Beyond the nostalgia of decommissioning, in which the naval ensign and the commissioning pennant are ceremonially lowered for the last time at sunset, the Navy will be preoccupied with a hard operational reality: Before the end of this decade, all five of its Kashin-class destroyers —called the Rajput-class in India — will be decommissioned. To replace them on the line there are only four new destroyers under construction.
True, the four new 7,300-tonne destroyers being built under Project 15B at Mazagon Dock, Mumbai (MDL) are significantly more muscular than the older Rajput-class vessels. INS Visakhapatnam, Mormugao, Imphal and Porbandar will bristle with weaponry designed to destroy targets in all three dimensions — on the surface, underwater and in the air.
They will be equipped with Indo-Russian BrahMos supersonic cruise missiles to strike ship and shore targets, Indo-Israeli Barak 8 missiles and US-made 127 mm Mark 45 naval guns to shoot down incoming anti-ship missiles and aircraft; and 533 mm heavyweight torpedoes and RBU-6000 rockets to sink enemy submarines. In a major capability upgrade, each destroyer will have two helicopters on board. These will include the newly procured MH-60R Seahawk, a helicopter so packed with weapons and sensors that it is labelled a “flying frigate”.
Even so, naval planners in New Delhi are uncomfortably aware that, even after the four Project 15B destroyers join the fleet, India will have just 10 destroyers, against 50 destroyers that China’s People’s Liberation Army (Navy), or PLA(N), fields.
The PLA(N) has been commissioning three new destroyers every year, while Indian defence shipyards have been barely completing one destroyer every 2-3 years.
Furthermore, the PLA(N)’s new Type 055, Renhai-class destroyers are bigger and more heavily armed than even the latest Indian destroyers. Displacing 13,000 tonnes, the Renhai-class is categorised by the US Navy as a cruiser — a category of warships bigger and more heavily armed than a destroyer.
The Indian Navy, however, takes solace in a projected increase in its frigate numbers with seven frigates being constructed domestically under Project 17A and four more Talwar-class frigates under acquisition from Russia, of which at least two are to be built in India.

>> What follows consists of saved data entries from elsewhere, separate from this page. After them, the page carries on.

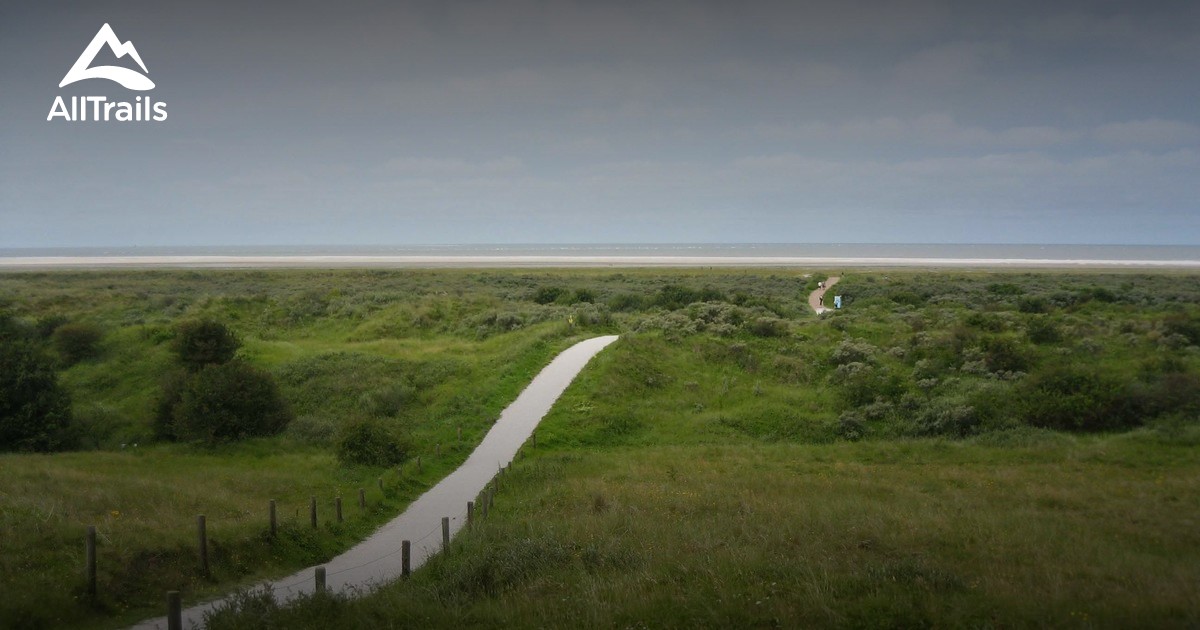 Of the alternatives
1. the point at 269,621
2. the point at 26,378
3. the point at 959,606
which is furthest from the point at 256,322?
the point at 959,606

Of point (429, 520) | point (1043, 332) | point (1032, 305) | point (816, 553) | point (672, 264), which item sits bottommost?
point (429, 520)

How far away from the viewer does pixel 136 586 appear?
10977mm

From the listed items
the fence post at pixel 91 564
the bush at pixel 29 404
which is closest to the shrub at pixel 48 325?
the bush at pixel 29 404

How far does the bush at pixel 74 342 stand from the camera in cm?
3688

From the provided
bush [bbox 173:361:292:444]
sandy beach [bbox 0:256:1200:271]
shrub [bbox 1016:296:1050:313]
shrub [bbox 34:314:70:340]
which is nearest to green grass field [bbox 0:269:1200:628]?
shrub [bbox 1016:296:1050:313]

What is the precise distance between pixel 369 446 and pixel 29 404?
46.2ft

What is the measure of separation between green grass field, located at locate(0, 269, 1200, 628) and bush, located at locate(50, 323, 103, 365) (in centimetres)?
66

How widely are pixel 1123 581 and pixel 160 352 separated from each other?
129 feet

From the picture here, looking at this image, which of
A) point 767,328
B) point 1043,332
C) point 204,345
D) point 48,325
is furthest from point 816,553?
point 48,325

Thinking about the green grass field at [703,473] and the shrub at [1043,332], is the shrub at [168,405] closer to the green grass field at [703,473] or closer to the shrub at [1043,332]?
the green grass field at [703,473]

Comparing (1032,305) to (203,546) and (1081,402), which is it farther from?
(203,546)

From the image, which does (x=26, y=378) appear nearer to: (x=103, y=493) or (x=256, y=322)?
(x=103, y=493)

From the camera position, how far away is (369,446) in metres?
20.8

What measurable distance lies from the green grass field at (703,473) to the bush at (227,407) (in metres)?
0.86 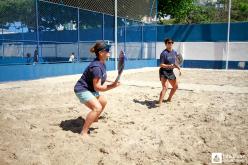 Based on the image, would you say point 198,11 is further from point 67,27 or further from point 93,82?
point 93,82

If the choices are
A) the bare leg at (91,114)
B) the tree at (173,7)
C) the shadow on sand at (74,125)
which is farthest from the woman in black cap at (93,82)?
the tree at (173,7)

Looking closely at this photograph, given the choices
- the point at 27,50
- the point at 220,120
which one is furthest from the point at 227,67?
the point at 220,120

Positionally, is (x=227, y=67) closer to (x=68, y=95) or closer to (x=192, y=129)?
(x=68, y=95)

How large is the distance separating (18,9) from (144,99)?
19.7 metres

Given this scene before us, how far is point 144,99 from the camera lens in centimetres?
888

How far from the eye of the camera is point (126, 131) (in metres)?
5.60

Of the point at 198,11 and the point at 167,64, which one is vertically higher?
the point at 198,11

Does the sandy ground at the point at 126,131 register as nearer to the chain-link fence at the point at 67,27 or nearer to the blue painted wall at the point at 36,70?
the blue painted wall at the point at 36,70

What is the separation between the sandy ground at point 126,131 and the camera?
438 centimetres

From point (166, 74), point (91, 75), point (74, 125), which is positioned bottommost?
point (74, 125)

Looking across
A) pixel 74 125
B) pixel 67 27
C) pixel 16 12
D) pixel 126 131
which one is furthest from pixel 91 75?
pixel 67 27

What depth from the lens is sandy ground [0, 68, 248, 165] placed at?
14.4ft

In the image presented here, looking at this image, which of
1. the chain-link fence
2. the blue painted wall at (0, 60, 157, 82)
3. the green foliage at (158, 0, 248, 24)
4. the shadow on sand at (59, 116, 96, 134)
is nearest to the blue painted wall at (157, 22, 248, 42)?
the chain-link fence

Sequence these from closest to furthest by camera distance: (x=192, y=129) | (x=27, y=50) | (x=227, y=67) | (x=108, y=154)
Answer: (x=108, y=154) < (x=192, y=129) < (x=227, y=67) < (x=27, y=50) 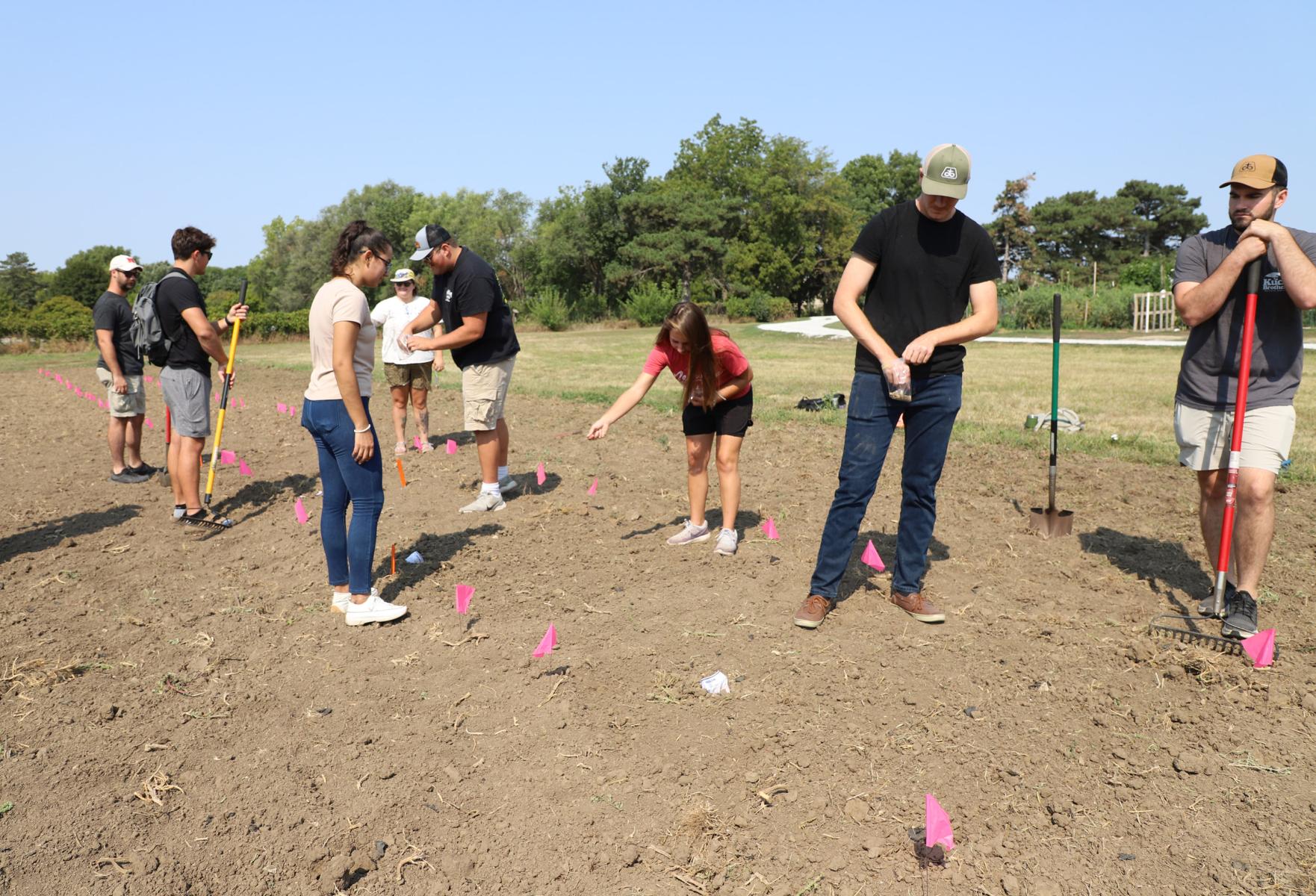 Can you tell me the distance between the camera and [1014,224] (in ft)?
239

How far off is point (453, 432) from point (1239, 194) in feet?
26.6

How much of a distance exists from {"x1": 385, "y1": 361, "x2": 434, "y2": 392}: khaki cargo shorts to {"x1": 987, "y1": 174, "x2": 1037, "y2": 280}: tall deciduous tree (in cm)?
7008

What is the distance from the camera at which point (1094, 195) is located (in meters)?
71.1

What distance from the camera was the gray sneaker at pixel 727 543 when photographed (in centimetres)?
571

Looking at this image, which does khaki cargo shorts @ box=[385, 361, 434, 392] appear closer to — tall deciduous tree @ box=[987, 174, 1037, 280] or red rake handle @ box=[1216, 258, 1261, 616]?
red rake handle @ box=[1216, 258, 1261, 616]

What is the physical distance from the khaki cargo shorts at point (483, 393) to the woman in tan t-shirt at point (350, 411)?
187 centimetres

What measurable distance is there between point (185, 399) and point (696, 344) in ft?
12.6

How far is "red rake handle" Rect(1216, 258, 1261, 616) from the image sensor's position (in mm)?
4105

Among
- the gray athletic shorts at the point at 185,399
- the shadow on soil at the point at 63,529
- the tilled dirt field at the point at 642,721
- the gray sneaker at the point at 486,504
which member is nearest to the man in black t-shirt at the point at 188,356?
the gray athletic shorts at the point at 185,399

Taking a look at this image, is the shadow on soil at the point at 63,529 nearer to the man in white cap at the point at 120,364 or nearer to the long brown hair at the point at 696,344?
the man in white cap at the point at 120,364

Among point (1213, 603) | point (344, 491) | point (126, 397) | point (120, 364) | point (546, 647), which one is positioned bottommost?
point (546, 647)

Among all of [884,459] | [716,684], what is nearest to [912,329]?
[884,459]

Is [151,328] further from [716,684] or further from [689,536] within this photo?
[716,684]

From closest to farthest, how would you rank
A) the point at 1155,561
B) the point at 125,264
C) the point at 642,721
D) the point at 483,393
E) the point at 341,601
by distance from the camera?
the point at 642,721
the point at 341,601
the point at 1155,561
the point at 483,393
the point at 125,264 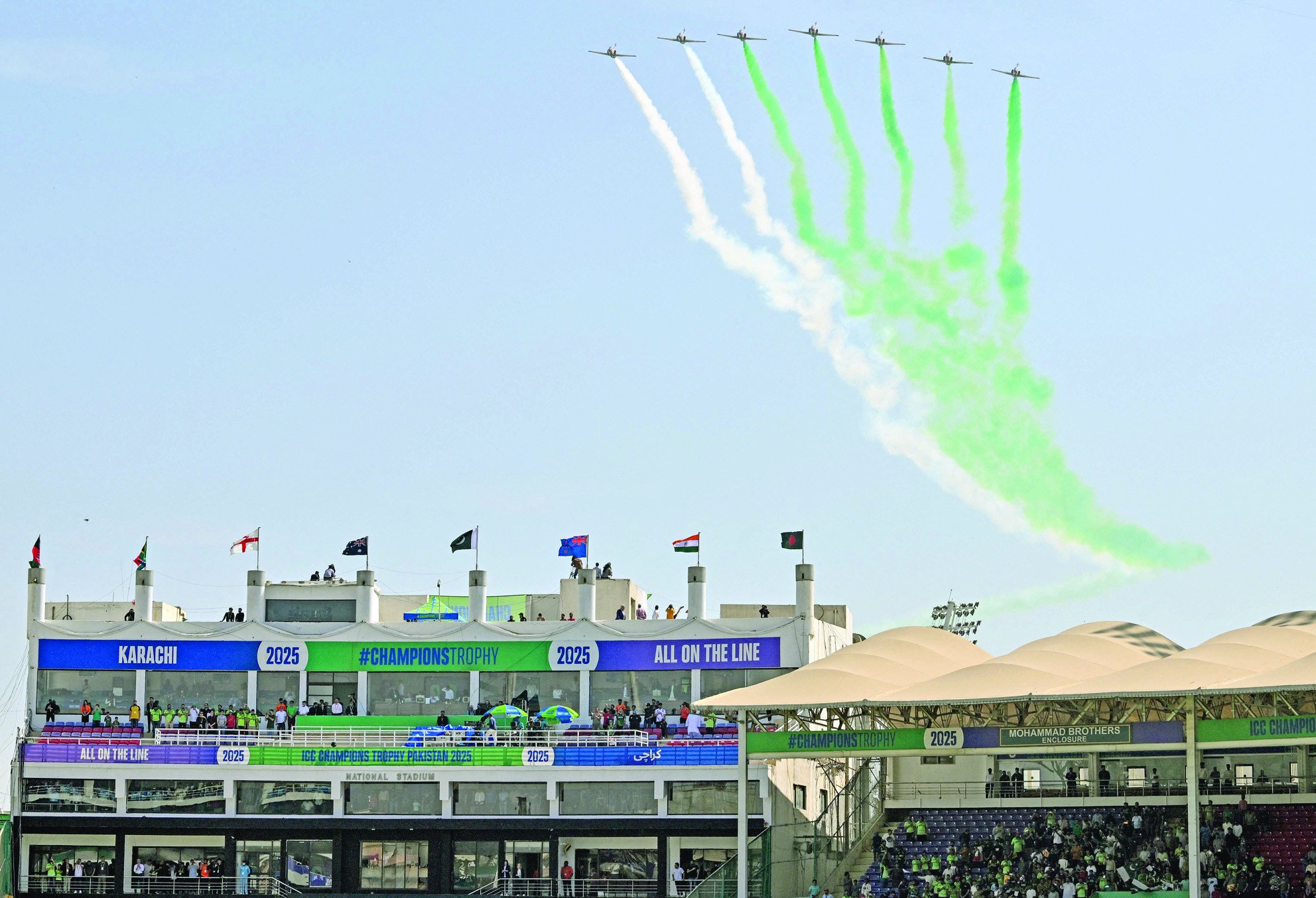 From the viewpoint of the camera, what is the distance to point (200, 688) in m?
90.3

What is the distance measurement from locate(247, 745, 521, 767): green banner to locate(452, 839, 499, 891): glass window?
11.3 feet

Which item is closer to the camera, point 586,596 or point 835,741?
point 835,741

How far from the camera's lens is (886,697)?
72.8 metres

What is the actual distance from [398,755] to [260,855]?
7.13 m

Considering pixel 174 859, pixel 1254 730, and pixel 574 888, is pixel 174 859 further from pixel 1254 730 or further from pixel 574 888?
pixel 1254 730

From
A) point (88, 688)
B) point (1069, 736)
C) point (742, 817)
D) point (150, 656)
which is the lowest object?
point (742, 817)

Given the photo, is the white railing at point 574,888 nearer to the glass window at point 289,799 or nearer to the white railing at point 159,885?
the glass window at point 289,799

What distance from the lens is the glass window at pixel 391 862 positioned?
85.8 m

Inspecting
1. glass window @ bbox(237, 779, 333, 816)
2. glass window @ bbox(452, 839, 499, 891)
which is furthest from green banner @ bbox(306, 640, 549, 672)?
glass window @ bbox(452, 839, 499, 891)

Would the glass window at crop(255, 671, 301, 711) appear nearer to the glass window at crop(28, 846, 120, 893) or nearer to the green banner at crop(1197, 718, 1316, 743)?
the glass window at crop(28, 846, 120, 893)

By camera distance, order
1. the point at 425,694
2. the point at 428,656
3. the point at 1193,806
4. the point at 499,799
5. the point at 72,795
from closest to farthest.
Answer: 1. the point at 1193,806
2. the point at 499,799
3. the point at 72,795
4. the point at 428,656
5. the point at 425,694

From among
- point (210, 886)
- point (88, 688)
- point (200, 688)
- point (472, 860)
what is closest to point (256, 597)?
point (200, 688)

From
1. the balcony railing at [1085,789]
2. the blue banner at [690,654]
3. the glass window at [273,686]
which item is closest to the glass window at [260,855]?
the glass window at [273,686]

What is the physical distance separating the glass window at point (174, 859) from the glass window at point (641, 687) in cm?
1642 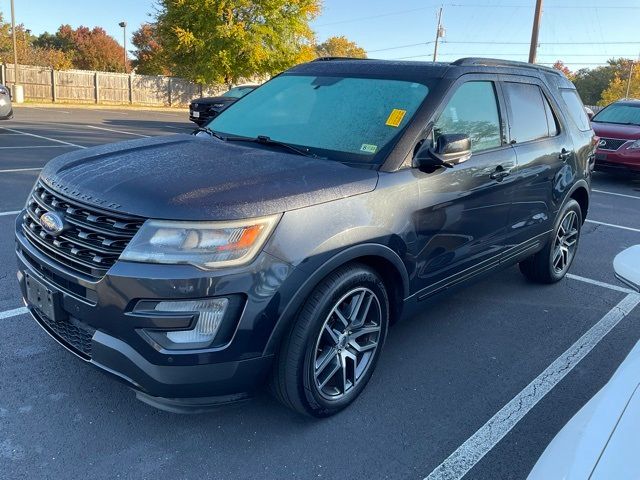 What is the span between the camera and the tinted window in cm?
341

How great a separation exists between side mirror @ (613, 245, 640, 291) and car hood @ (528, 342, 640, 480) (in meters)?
0.56

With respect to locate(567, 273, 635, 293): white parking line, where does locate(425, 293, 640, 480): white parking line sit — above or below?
below

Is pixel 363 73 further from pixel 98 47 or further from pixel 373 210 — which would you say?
pixel 98 47

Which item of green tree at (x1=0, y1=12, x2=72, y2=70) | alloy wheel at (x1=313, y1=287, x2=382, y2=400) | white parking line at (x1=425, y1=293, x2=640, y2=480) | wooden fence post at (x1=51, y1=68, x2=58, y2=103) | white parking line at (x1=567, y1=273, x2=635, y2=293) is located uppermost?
green tree at (x1=0, y1=12, x2=72, y2=70)

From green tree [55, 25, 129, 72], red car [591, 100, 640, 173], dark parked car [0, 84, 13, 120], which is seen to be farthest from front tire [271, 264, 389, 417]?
green tree [55, 25, 129, 72]

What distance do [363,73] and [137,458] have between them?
8.70ft

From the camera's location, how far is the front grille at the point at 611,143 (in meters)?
11.4

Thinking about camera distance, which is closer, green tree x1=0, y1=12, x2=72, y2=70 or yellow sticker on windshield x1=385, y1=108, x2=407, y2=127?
yellow sticker on windshield x1=385, y1=108, x2=407, y2=127

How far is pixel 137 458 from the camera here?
253 cm

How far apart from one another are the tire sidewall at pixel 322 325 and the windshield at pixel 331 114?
0.69 metres

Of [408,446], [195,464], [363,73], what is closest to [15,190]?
[363,73]

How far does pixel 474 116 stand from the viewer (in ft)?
12.1

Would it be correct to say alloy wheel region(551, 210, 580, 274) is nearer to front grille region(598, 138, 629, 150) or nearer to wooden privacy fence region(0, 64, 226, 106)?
front grille region(598, 138, 629, 150)

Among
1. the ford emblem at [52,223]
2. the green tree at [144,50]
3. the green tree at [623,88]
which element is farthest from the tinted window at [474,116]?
the green tree at [623,88] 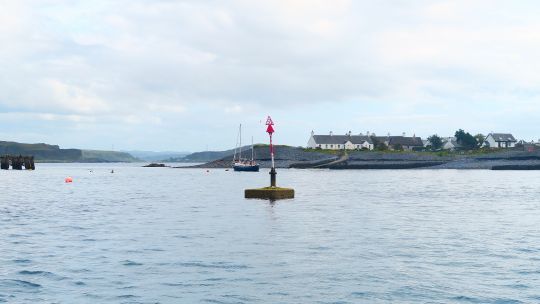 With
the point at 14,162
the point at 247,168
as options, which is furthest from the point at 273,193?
the point at 14,162

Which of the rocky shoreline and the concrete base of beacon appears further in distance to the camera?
the rocky shoreline

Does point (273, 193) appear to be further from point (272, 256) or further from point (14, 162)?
point (14, 162)

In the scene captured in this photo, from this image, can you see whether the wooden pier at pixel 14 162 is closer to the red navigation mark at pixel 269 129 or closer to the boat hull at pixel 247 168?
the boat hull at pixel 247 168

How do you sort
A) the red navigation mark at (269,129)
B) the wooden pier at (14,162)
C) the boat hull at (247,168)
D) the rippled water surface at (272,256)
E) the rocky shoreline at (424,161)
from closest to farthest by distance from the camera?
the rippled water surface at (272,256) < the red navigation mark at (269,129) < the boat hull at (247,168) < the rocky shoreline at (424,161) < the wooden pier at (14,162)

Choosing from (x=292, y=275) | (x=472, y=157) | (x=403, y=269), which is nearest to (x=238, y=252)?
(x=292, y=275)

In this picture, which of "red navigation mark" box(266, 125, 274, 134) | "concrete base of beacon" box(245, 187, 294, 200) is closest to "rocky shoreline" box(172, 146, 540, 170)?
"concrete base of beacon" box(245, 187, 294, 200)

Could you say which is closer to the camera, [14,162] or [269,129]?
[269,129]

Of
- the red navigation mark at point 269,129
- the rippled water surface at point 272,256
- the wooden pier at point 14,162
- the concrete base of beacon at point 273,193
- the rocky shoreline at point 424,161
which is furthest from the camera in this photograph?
the wooden pier at point 14,162

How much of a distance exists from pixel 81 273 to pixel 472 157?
586ft

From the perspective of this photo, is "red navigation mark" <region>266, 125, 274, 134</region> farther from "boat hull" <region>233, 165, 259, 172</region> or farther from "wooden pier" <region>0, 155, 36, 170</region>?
"wooden pier" <region>0, 155, 36, 170</region>

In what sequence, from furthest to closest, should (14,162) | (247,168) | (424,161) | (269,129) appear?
(424,161) → (14,162) → (247,168) → (269,129)

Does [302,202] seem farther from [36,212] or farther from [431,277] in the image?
[431,277]

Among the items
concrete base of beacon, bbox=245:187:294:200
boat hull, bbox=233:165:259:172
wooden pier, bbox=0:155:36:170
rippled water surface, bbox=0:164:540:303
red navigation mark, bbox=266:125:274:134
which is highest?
red navigation mark, bbox=266:125:274:134

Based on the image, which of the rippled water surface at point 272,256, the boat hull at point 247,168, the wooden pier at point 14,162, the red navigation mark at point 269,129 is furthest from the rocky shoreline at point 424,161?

But here again, the PLA(N) has more than thrice as many frigates as India and is adding to those numbers faster.
INS Rajput and its four follow-on destroyers of the Rajput-class were constructed in the 61 Communards Shipyard in Nikolaev, which is in present-day Ukraine. Her original Russian name was “Nadezhny”, which means hope.
She was commissioned as INS Rajput on May 4, 1980 at Poti, Georgia by India’s ambassador to the Soviet Union, Inder Kumar Gujral, who went on to become prime minister.
INS Rajput has participated in several operations, including Operation Aman and Operation Pawan, to assist the Indian Peacekeeping Force (IPKF) in Sri Lanka. She was a part of Operation Cactus in which the Indian military intervened in the Maldives in 1988 to foil a coup attempt by foreign mercenaries. INS Rajput also participated in Operation Crow’s Nest off Lakshadweep.
She was also the first Indian naval ship to be affiliated with an Indian Army regiment — the Rajput Regiment.
Owing to the ongoing Covid-19 pandemic, the decommissioned ceremony at Naval Dockyard, Visakhapatnam, will be a low-key event, attended only by in-station officers and sailors, with strict observance of Covid-19 protocols.